=== Data to use ===

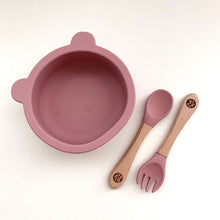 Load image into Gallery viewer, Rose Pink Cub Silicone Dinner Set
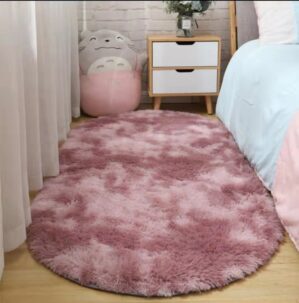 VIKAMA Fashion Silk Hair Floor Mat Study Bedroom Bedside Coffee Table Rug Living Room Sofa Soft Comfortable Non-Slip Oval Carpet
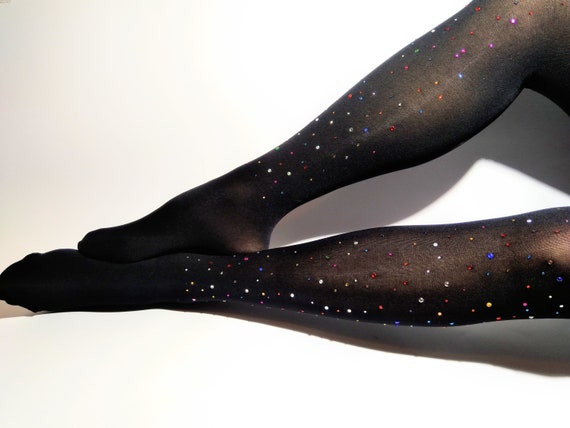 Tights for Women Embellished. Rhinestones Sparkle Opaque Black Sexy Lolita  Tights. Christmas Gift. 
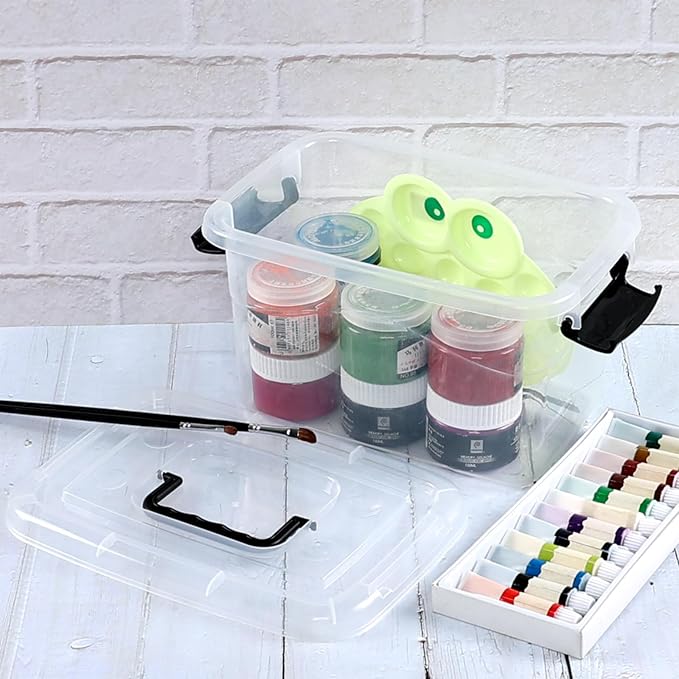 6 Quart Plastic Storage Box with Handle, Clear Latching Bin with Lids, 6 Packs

===
=== Data to use ===

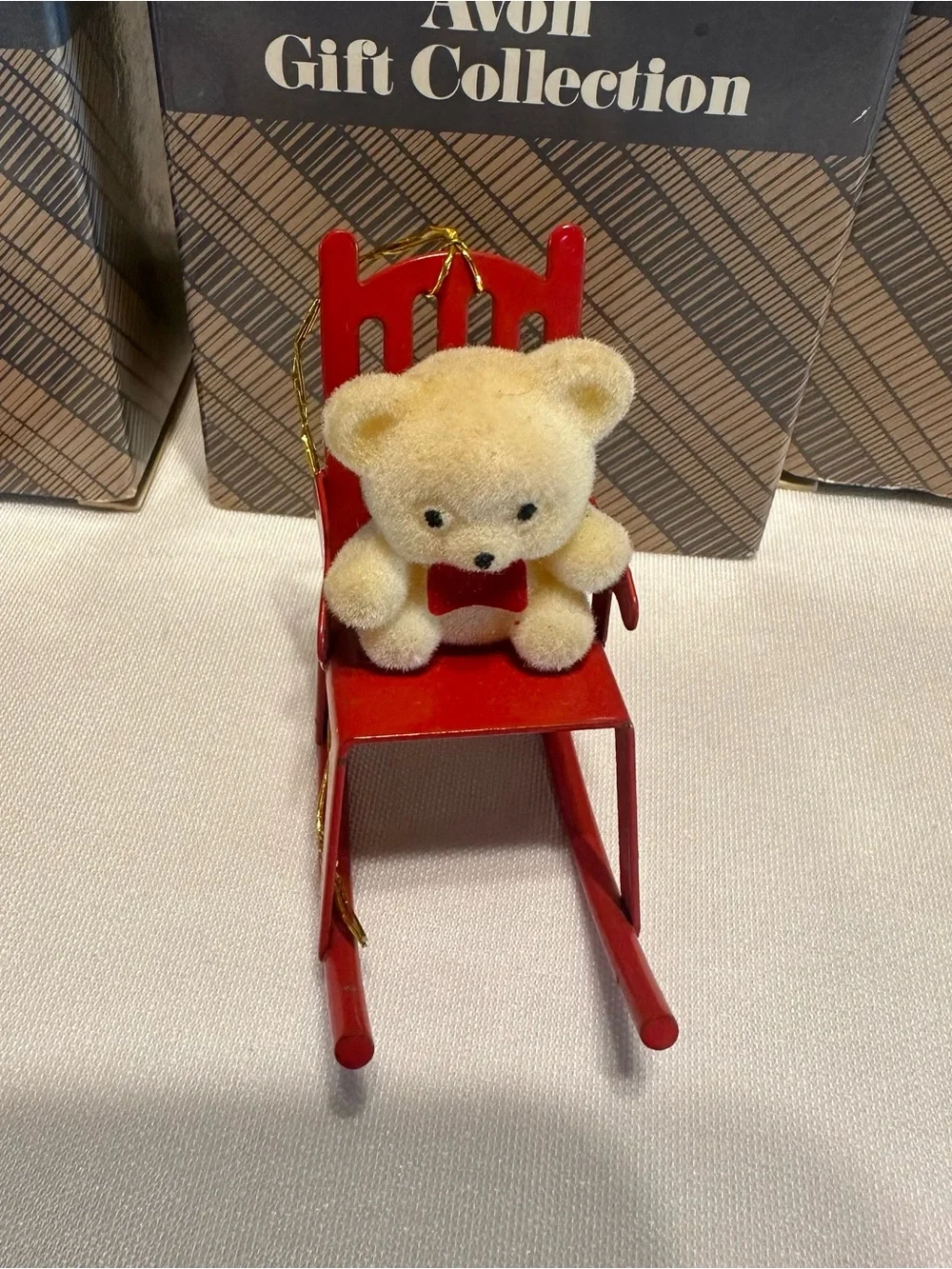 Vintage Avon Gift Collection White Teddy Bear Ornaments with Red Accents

===
=== Data to use ===

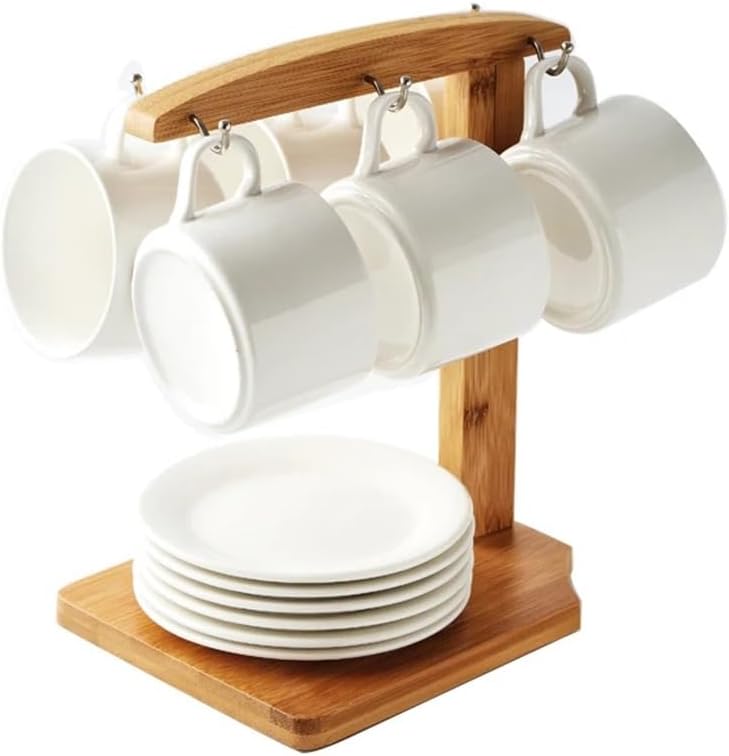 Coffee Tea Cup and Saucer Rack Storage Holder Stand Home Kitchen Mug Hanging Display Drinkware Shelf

===

## How to complete this task
Set the pictures aside and transcribe exactly the stretch of lines above, beginning with the one holding "Tights for Women" and ending with the one holding "6 Quart Plastic".

## Answer area
 Tights for Women Embellished. Rhinestones Sparkle Opaque Black Sexy Lolita  Tights. Christmas Gift. 
 6 Quart Plastic Storage Box with Handle, Clear Latching Bin with Lids, 6 Packs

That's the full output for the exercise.